Web page caption snippets:
========================================================================
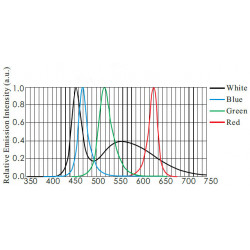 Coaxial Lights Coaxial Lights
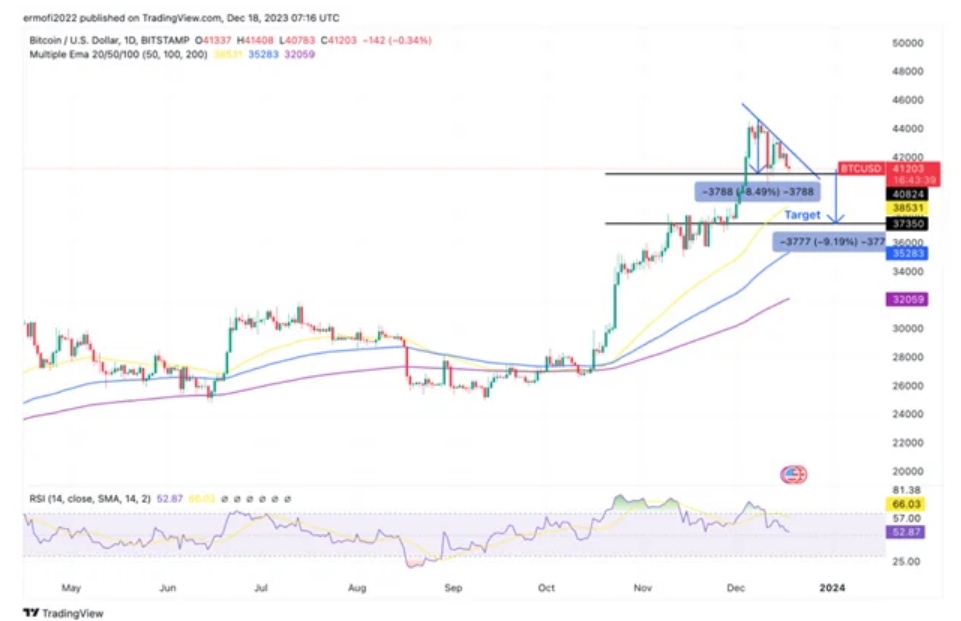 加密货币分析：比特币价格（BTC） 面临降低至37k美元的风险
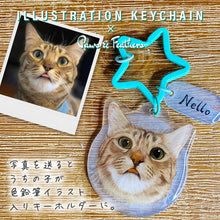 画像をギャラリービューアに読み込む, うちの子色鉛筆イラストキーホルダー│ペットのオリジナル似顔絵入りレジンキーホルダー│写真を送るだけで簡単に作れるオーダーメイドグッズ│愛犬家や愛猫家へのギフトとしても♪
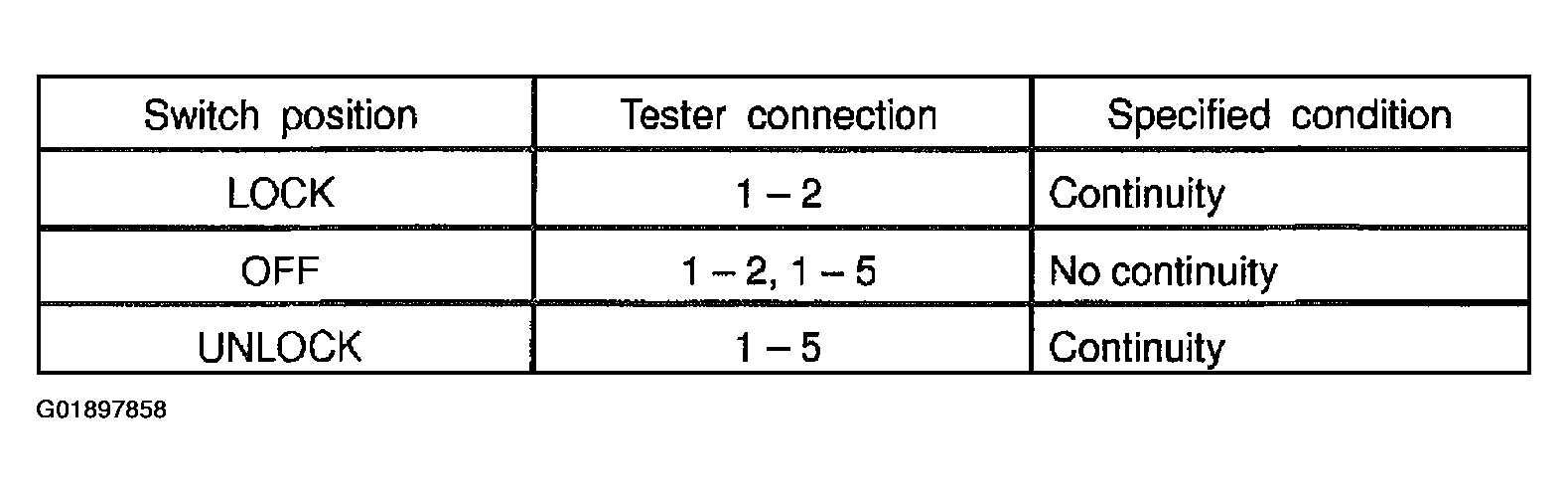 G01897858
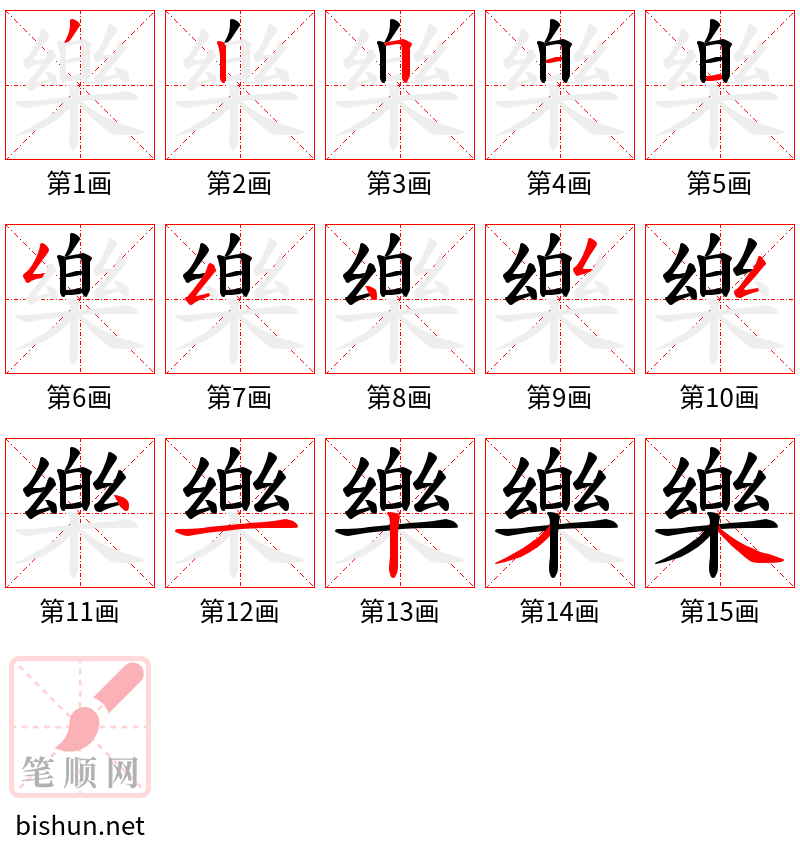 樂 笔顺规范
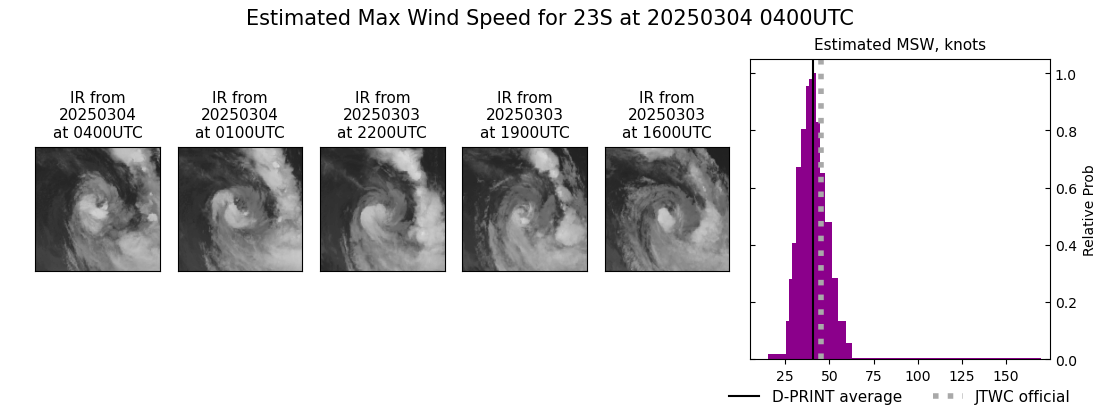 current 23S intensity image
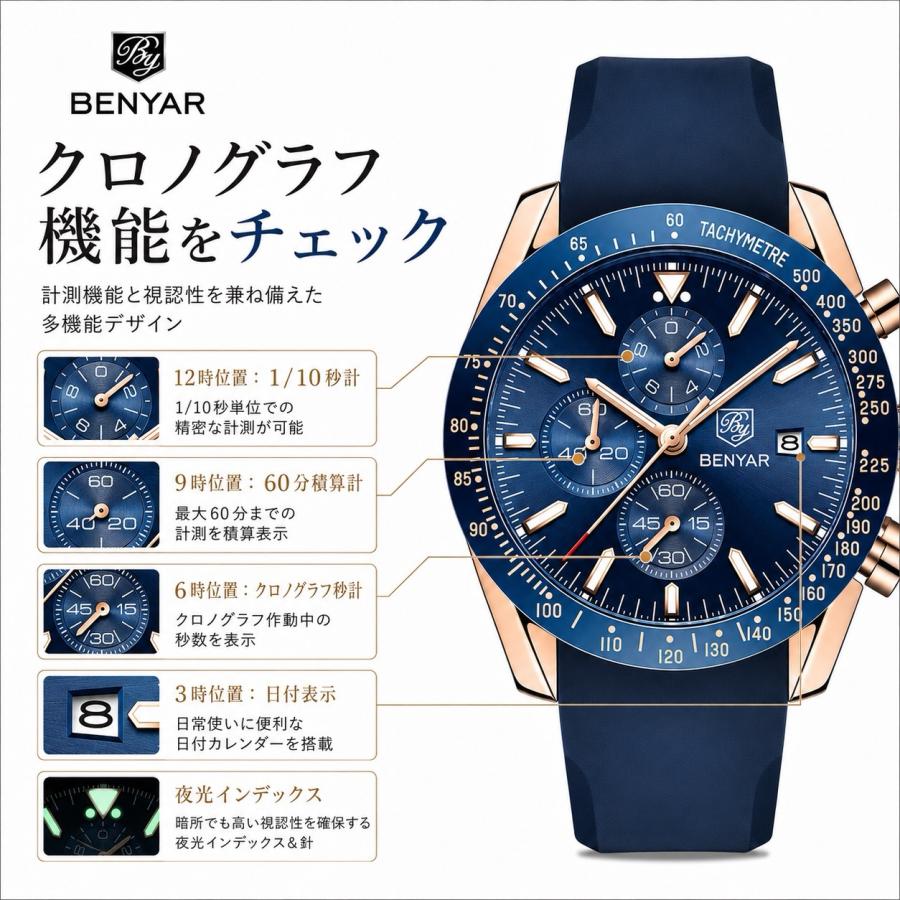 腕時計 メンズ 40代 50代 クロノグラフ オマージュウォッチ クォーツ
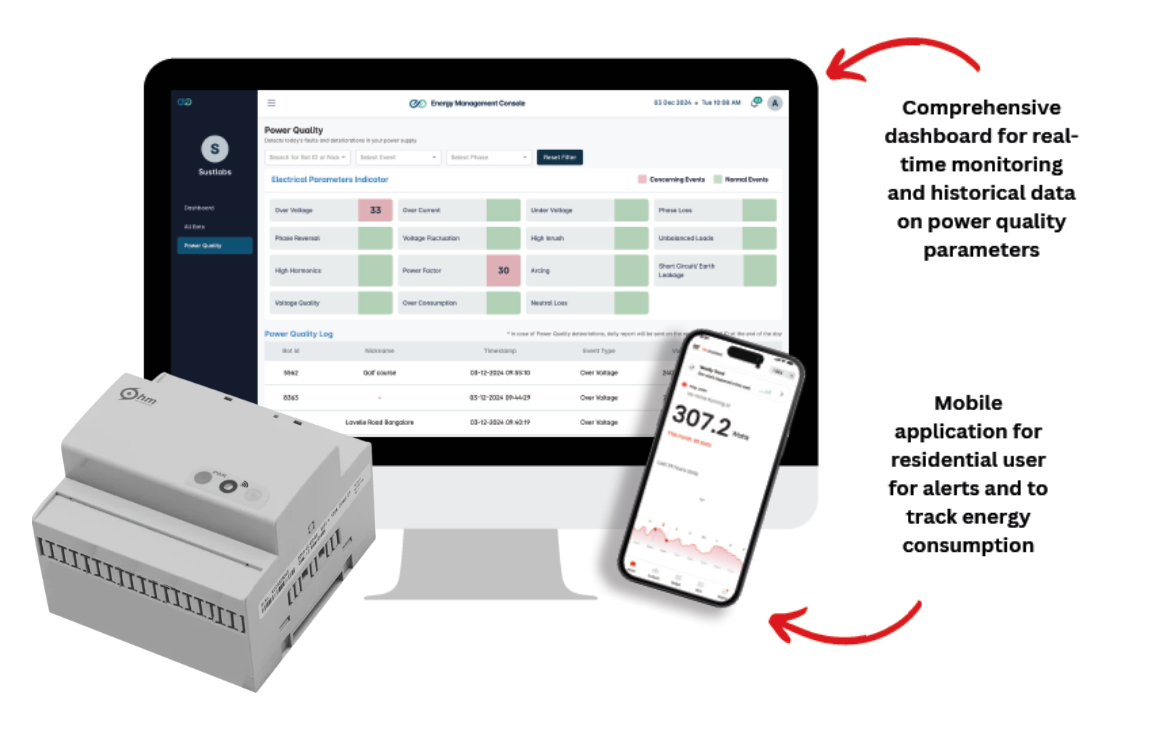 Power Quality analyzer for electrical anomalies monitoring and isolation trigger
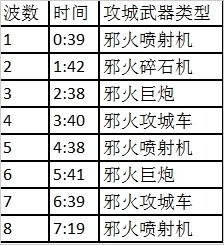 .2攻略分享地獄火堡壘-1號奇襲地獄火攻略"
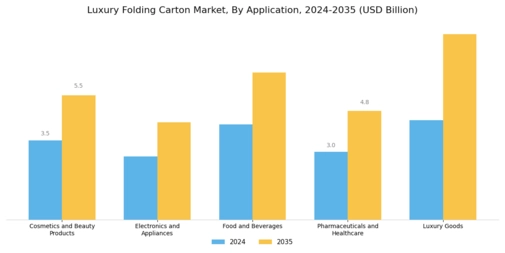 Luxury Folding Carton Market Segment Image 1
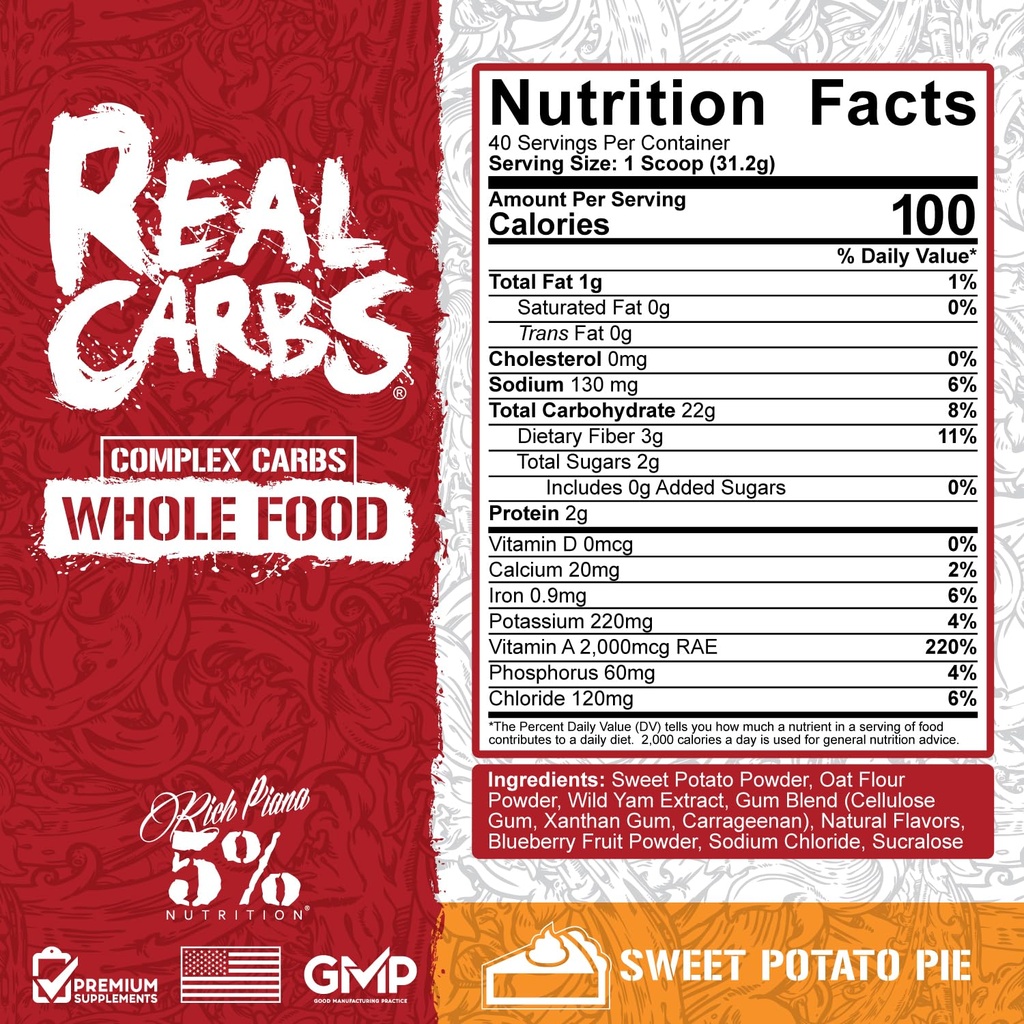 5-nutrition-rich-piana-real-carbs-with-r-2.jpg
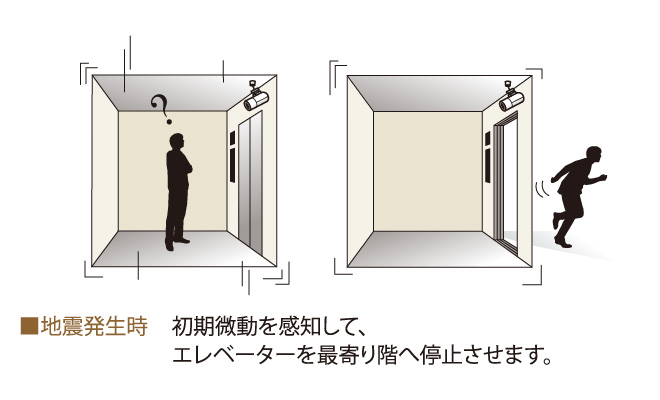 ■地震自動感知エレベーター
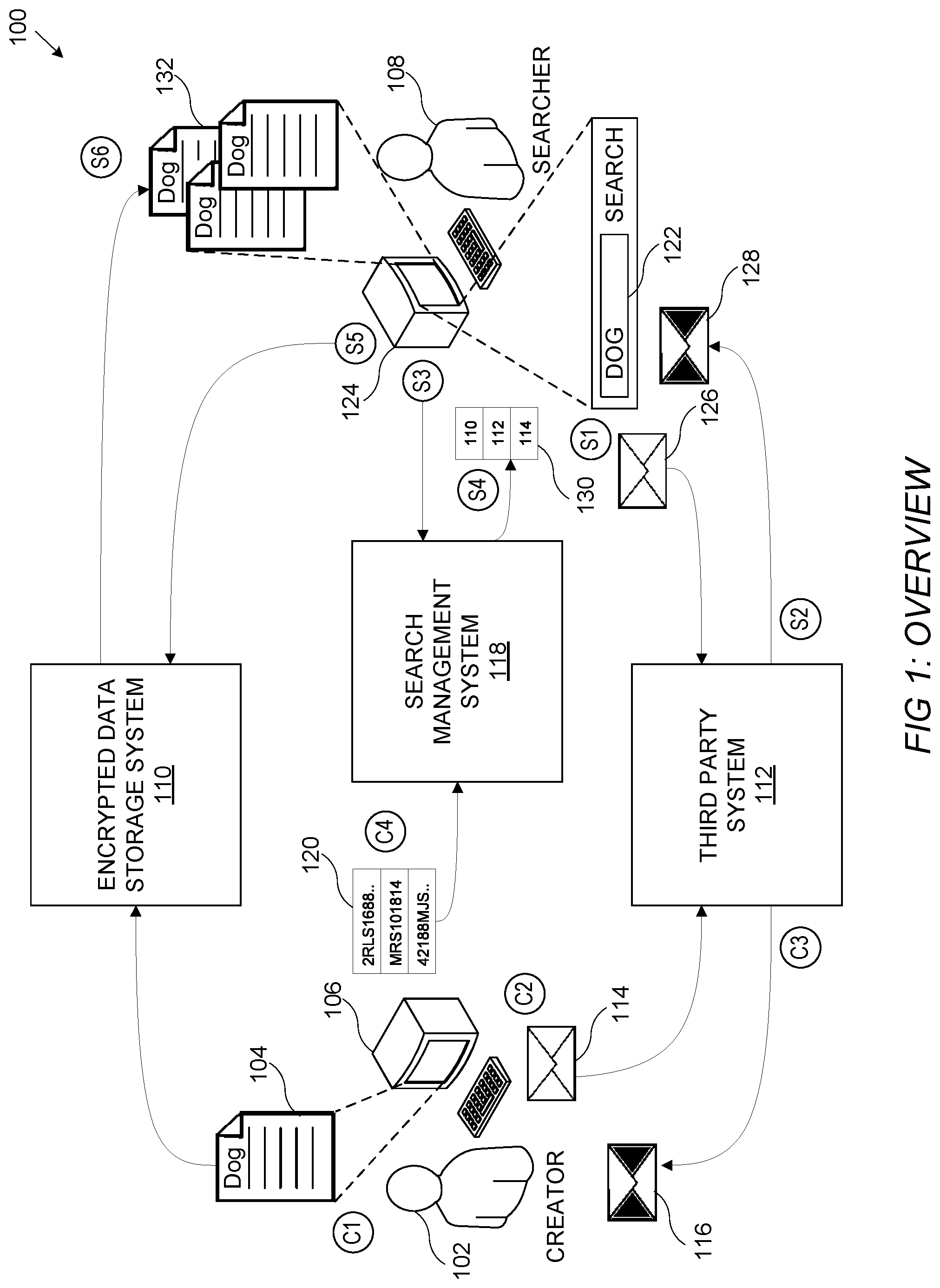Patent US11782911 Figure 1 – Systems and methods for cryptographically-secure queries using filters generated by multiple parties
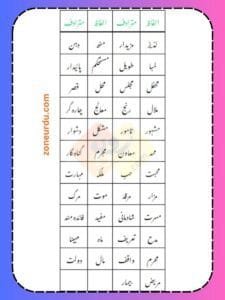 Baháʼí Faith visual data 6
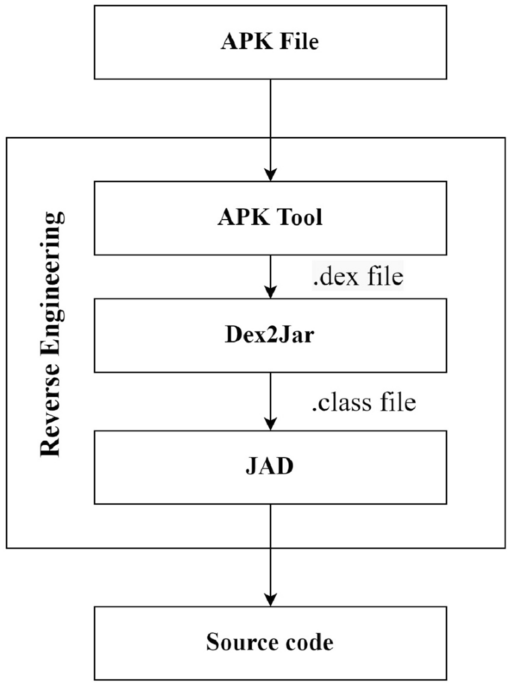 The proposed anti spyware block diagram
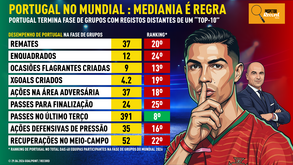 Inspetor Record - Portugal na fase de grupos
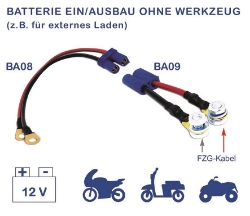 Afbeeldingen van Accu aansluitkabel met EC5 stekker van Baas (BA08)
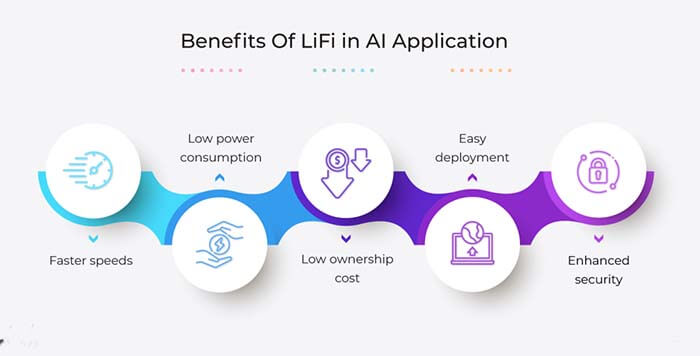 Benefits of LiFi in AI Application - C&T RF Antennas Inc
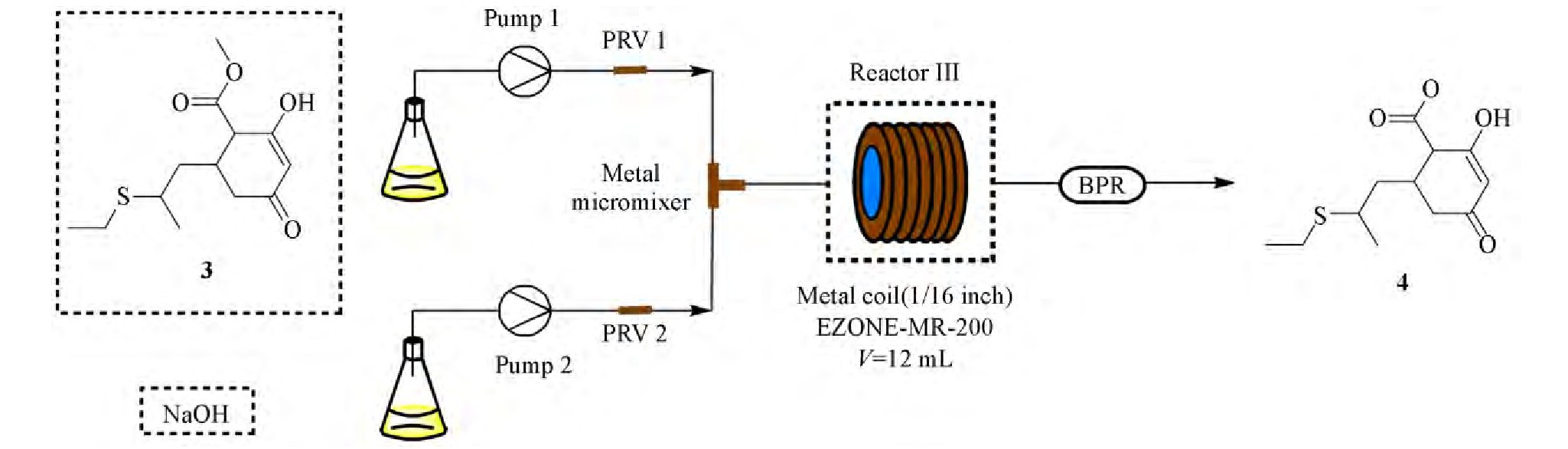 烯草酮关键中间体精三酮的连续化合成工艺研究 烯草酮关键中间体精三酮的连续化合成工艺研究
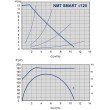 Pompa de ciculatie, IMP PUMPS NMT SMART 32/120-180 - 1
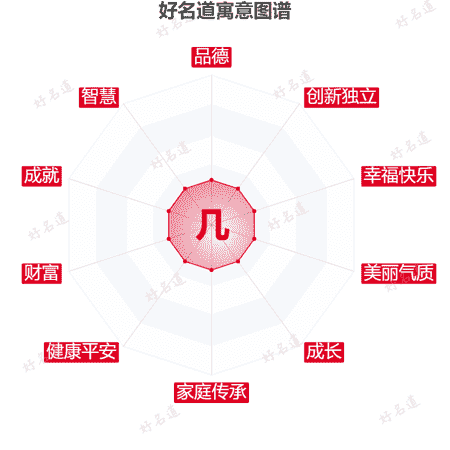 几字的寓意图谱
========================================================================
WORK REQUIRED: Print the records again exactly, without the pictures.

EXPECTED ANSWER:
 Coaxial Lights Coaxial Lights
 加密货币分析：比特币价格（BTC） 面临降低至37k美元的风险
 画像をギャラリービューアに読み込む, うちの子色鉛筆イラストキーホルダー│ペットのオリジナル似顔絵入りレジンキーホルダー│写真を送るだけで簡単に作れるオーダーメイドグッズ│愛犬家や愛猫家へのギフトとしても♪
 G01897858
 樂 笔顺规范
 current 23S intensity image
 腕時計 メンズ 40代 50代 クロノグラフ オマージュウォッチ クォーツ
 Power Quality analyzer for electrical anomalies monitoring and isolation trigger
 .2攻略分享地獄火堡壘-1號奇襲地獄火攻略"
 Luxury Folding Carton Market Segment Image 1
 5-nutrition-rich-piana-real-carbs-with-r-2.jpg
 ■地震自動感知エレベーター
Patent US11782911 Figure 1 – Systems and methods for cryptographically-secure queries using filters generated by multiple parties
 Baháʼí Faith visual data 6
 The proposed anti spyware block diagram
 Inspetor Record - Portugal na fase de grupos
 Afbeeldingen van Accu aansluitkabel met EC5 stekker van Baas (BA08)
 Benefits of LiFi in AI Application - C&T RF Antennas Inc
 烯草酮关键中间体精三酮的连续化合成工艺研究 烯草酮关键中间体精三酮的连续化合成工艺研究
 Pompa de ciculatie, IMP PUMPS NMT SMART 32/120-180 - 1
 几字的寓意图谱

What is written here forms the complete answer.